И, как результат такого правильного развития, Карамзин показывал рост могущества и значения России по сравнению с другими славянскими народами, в том числе и поляками: «В самый первый век бытия своего Россия превосходила обширностию едва ли не все тогдашние Государства Европейские. Завоевания Олеговы, Святославовы, Владимировы, распространили ее владения от Новгорода и Киева к Западу до моря Бальтийского, Двины, Буга и гор Карпатских, а к Югу до порогов Днепровских и Киммерийского Боспора; к Северу и Востоку граничила она с Финляндией и с Чудскими народами» [12, с.163]. При этом Карамзин считал, что Россия того времени сохранила также определенные черты самоуправления: «Самый народ Славянский хотя и покорился Князьям, но сохранил некоторые обыкновения вольности, и в делах важных, или в опасностях государственных, сходился на общий совет [...]. Сии народные собрания были древним обыкновением в городах Российских, доказывали участие граждан в правлении и могли давать им смелость, неизвестную в Державах строгого, неограниченного Единовластия» [12, с.164].
Образование на Востоке Европы крупного восточнославянского государства Н.М. Карамзин рассматривал как явление из ряда событий, вызванных падением Римской империи. Россия вошла в общую систему европейских народов после того, как Рим «ослабел в неге и пал, сокрушенный мышцею варваров северных» [12]. До середины XI века, по мнению историка, Русь ни в чем «не уступала в силе и гражданском образовании первейшим европейским державам, имея тот же характер, те же законы, обычаи, уставы государственные [...], явилась в новой политической системе Европы с существенными правами на знаменитость и с важною выгодою быть под влиянием Греции, единственной державы, неиспроверженной варварами» [12, с.166]. В Записке «О древней и новой России» Карамзин, весьма образно развивая данное положение, утверждал: «В XI веке Государство Российское могло, как бодрый, пылкий юноша, обещать себе долголетие и славную деятельность. Монархи его в твердой руке своей держали судьбы миллионов; озаренные блеском побед, окруженные воинственною, благородною дружиною, казались народу полубогами, судили и рядили землю, мановением воздвигали рать и движением перста указывали ей путь к Боспору Фракийскому или к горам Карпатским. Одним словом, Россия не только была обширным, но, в сравнении с другими, и самым образованным Государством» [13. с.473].
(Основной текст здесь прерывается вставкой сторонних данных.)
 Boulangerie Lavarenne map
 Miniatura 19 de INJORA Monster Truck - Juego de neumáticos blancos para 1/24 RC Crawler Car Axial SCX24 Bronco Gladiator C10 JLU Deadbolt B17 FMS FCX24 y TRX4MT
Как видим, наряду с показом некоторых объективно существовавших особенностей развития Руси данного периода у Карамзина явно просматриваются тенденции идеализации развития Руси данного периода и рассмотрения ее как определенной наследницы величия и мощи Рима и Византии. Данное положение отмечалось не только в московских источниках XV - XVI веков, которыми пользовался историк, но и сохранилось в русской историографии XIX - начала XX веков [3] и имело и имеет свои отголоски в советской [22-23 и др.] и в современной российской историографии [6; 19 и др.]. Роль поляков, как и других славянских народов, при этом рассматривалась как второстепенная и малозначительная для истории России. Это положение заметно также и в русской либеральной историографии, даже у авторов считающихся полонофильски настроенными (Н.И. Кареев [1; 17; 31], А.Л. Погодин [16]).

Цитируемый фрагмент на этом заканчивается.